MatzeB updated this object.

MatzeB added reviewers: rengolin, cmatthews, kristof.beyls.

MatzeB set the repository for this revision to rL LLVM.

MatzeB added a subscriber: llvm-commits.

Herald added a subscriber: mcrosier. · View Herald TranscriptJun 21 2016, 7:27 PM

Thanks for the analysis!

Interestingly, on the systems I look at most often (linux AArch64 and AArch32), I don't see lemon produce too much noise.
Anyway, with your analysis, it's clear that lemon doesn't really test quality of compiler code generation, so I agree not to run it as a benchmark.

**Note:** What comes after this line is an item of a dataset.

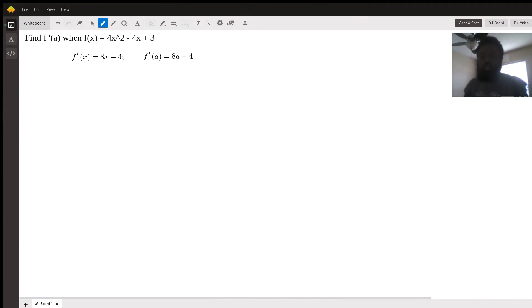Good evening, my name is Tim and I'll be a math tutor for calculus this evening.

However, it may still make sense to keep this in the test-suite as a correctness test, in which case it should be just listed under "if(NOT TEST_SUITE_BENCHMARKING_ONLY)"?

Thanks,

Kristof

In D21593#464278, @kristof.beyls wrote:

Thanks for the analysis!

Interestingly, on the systems I look at most often (linux AArch64 and AArch32), I don't see lemon produce too much noise.
Anyway, with your analysis, it's clear that lemon doesn't really test quality of compiler code generation, so I agree not to run it as a benchmark.

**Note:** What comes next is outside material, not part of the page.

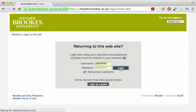Hi, this short video will show you around the Moodle environment we use for online courses. When you've arrived at the course site, the first thing to do is log in.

Forking is a more heavy weight operation on Darwin.

However, it may still make sense to keep this in the test-suite as a correctness test, in which case it should be just listed under "if(NOT TEST_SUITE_BENCHMARKING_ONLY)"?

Since lemon is a parser, maybe it is okay to totally remove since we have some other benchmarks that represent that class of programs?

The runtime is sub-second everywhere where I looked, so I think it is fine to keep it in if we think there is any chance that it would detect a miscompile.

Thanks,

Kristof

Also, just for reference: on our test machines I checked today, the noise on lemon is ~2% on arm and 3.5% on x86_64. Not near the worst offender in terms of noise.

However, it may still make sense to keep this in the test-suite as a correctness test, in which case it should be just listed under "if(NOT TEST_SUITE_BENCHMARKING_ONLY)"?

Since lemon is a parser, maybe it is okay to totally remove since we have some other benchmarks that represent that class of programs?

The runtime is sub-second everywhere where I looked, so I think it is fine to keep it in if we think there is any chance that it would detect a miscompile.

Right. I don't have a strong opinion on whether to keep this in non-benchmarking mode only, or to remove the test altogether.
Both options are fine for me.

LGTM.

lemon is mostly stable for me as well, but from time to time it has huge outliers (just speculating but maybe iOS throttles too much forking in some circumstances and that benchmark is at the edge of such throttling...)

Matthias

Maybe deletion from the benchmark set instead of at all?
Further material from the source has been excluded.